**Task directions:** When you restate the data, keep every word as it is and drop the images.

**The data:**
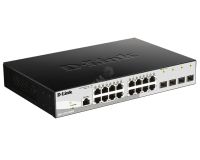 Коммутатор управляемый L2 16 портов 10/100/1000 Мб/с, 4хSFP 107320 D-Link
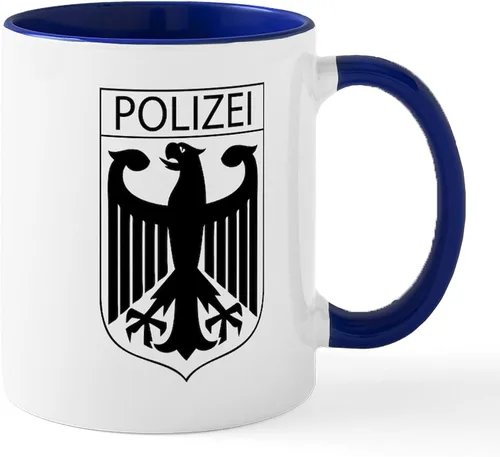 Vista 77 de CafePress Taza de café de cerámica de 11 oz (11.0 fl oz) de Police Mom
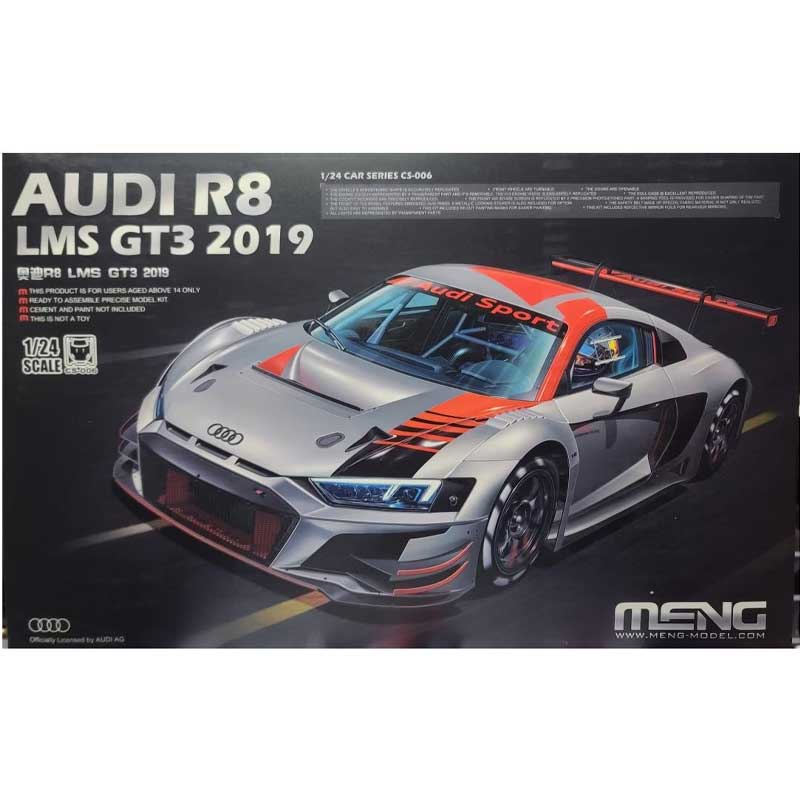 1/24 Audi R8 LMS GT3 2019 CS-006 Meng Model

**Exercise response:**
 Коммутатор управляемый L2 16 портов 10/100/1000 Мб/с, 4хSFP 107320 D-Link
 Vista 77 de CafePress Taza de café de cerámica de 11 oz (11.0 fl oz) de Police Mom
 1/24 Audi R8 LMS GT3 2019 CS-006 Meng Model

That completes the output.